1/21&22/2019
I skipped a day. Hope no one has spent a lot of time trying to find it. Actually, I didn’t skip, I wrote down some very interesting thoughts about aging, but when I read it, it was way, way too personal! So, I decided not to publish it. If I figure out how to say all that without personal referencing, perhaps I’ll write it later. What I wrote wasn’t, in a literal sense, about my wife and me, nor anyone else. But it could have been construed to fit more than one family I know. No, too personal.
It is a hard morning to write. I really have no idea why, just is. Monday night’s bible class was well-attended, good friends from near and far. At the close of the class, it looked to me that I had failed to hit record and perhaps I had talked for 50 minutes without recording it. But, when we finished talking and visiting and I turned off the Zoom, I had recorded it and could upload to the YouTube channel. What a relief that was! When you are doing a series, even someone as unorganized as me, doesn’t want to go back and fill in the blanks, if you mess up. Hard to do the same message a second time and say it like the first. But I was spared, after all.
Then, yesterday was a pretty good day in the store, a couple of good bible conversations by phone, and an excellent cold weather day. My attitude about cold days is this: we’re only going to have so many. Therefore, every one we have is one less to anticipate! (You know: 6 down, 26 more to go!) However, it is supposed to start raining in about an hour and rain all day. We’ve had so many rain days this Winter, I’ve lost count of those! I’m still thinking “better rain than snow,” but I am so done with rain for a while. Soon, maybe soon.
My trip to Texas next week is Thursday morning to Monday morning. I’ve got some spare time on the trip, but not a lot. After getting there, I still have some driving to do. and some time is not yet scheduled. It is my plan to visit both stores that are close, as well as the memorial service for my friend, the rest is yet up in the air. Usually, my plans for a trip include more things than I actually get done. Nevertheless, I plan them, anyway. Makes for good stories about what interferes and what is my fault or who or what I can blame. Most blame goes to weather. Once, I had most of a Sunday free, so I wanted to visit a church I had heard about, Heading South out of Houston, I went to what I thought would be the correct exit, turned right, believing I was headed West on the proper road. In a hard driving rain, I motored about as far as I thought I should and started watching signs to find the city limit sign for this small town. Finally, I found it. It wasn’t the small town I was looking for, it said Houston!! I had turned North instead of West—dark with clouds, heavy rain, ARGH! but, that won’t happen now, I’ve got Seri! She’ll keep me going where I need to go.

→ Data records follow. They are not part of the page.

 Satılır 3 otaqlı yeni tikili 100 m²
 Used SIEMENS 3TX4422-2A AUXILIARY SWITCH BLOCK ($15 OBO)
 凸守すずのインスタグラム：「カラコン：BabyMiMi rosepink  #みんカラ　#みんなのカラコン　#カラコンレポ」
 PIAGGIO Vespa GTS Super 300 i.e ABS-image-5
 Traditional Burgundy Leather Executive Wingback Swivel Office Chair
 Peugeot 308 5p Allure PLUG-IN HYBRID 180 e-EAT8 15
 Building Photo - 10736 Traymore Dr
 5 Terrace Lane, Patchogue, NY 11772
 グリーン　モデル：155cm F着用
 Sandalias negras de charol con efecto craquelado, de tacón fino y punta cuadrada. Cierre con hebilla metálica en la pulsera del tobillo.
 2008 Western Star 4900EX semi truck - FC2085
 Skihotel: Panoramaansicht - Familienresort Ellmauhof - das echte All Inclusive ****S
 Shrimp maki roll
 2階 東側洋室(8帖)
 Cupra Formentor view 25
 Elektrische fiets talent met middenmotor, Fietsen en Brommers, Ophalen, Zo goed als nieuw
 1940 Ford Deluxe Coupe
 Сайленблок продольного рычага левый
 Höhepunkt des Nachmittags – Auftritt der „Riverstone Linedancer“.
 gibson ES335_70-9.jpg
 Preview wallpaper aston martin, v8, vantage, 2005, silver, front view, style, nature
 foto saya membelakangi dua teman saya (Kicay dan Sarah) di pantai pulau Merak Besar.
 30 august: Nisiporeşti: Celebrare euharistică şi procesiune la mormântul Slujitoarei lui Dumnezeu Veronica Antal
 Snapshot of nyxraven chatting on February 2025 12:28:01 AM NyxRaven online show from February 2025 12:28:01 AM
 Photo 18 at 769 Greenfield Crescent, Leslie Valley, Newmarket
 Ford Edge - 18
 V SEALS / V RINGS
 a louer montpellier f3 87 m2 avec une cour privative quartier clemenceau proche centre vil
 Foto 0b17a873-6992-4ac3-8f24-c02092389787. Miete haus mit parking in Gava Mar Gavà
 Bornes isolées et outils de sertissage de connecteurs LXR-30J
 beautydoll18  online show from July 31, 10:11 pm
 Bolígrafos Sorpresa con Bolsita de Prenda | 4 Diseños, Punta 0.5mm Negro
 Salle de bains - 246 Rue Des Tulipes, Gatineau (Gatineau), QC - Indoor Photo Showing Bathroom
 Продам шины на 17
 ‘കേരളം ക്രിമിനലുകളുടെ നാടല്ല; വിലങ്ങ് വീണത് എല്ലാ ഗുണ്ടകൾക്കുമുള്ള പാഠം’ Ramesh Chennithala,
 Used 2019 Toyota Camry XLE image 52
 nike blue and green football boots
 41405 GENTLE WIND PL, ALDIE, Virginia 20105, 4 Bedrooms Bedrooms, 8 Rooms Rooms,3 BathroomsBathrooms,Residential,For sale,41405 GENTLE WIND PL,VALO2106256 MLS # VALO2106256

By the way I’m writing, you probably think the SIMH this morning is “500 Miles Away From Home,” but that’s not it. Instead, it is “Going Out of My Head”—written by Teddy Randazzo, made popular by Little Anthony and the Imperials—-bring back any memories for ya? Luther Vandross also did a version, Dionne Warwick, Sergio Mendes, etc. Anthony’s and Luther’s were the best of the bunch. Strange love songs stick in my head, do they you, also?
A basketball note: Indiana University’s team this year may be a great bunch of students and make straight As in their academic endeavors, but they don’t think well in the game. They choose, more often than not, to make the wrong moves, make the wrong passes, or take the wrong shot. My “great” analyzing talents aside, most any observer of the game would say the same. It is as though they were not used to playing against anyone that is really good, like they don’t expect anyone to be better than they. There’s no chance for success if that is the case. Maybe it’s coaching, but I doubt it. Maybe they don’t like one another, but I doubt that, too. I think it comes back to my first statement: they don’t think well in the game. They’ve lost 5 games in a row, all Big 10 conference games.
While it is important to have confidence that one can get ‘er done, it is also imperative to have confidence in one’s teammates. It looks as though these teammates share the floor with one another only after being prompted by the coach.
All that I just said about Indiana applies to my other Indiana team, Butler, as well. Butler has a point guard who doesn’t know how to pass and not shoot. That’s called a bad point guard. Announcers, the conference teams, and his teammates expect him to just be great. But, he is mediocre at best. He probably will make it in pros, so perhaps that’s where he should be playing. He doesn’t fit in college play without changing.
I’m sure you were all worried about that, so I straightened it all out, ok?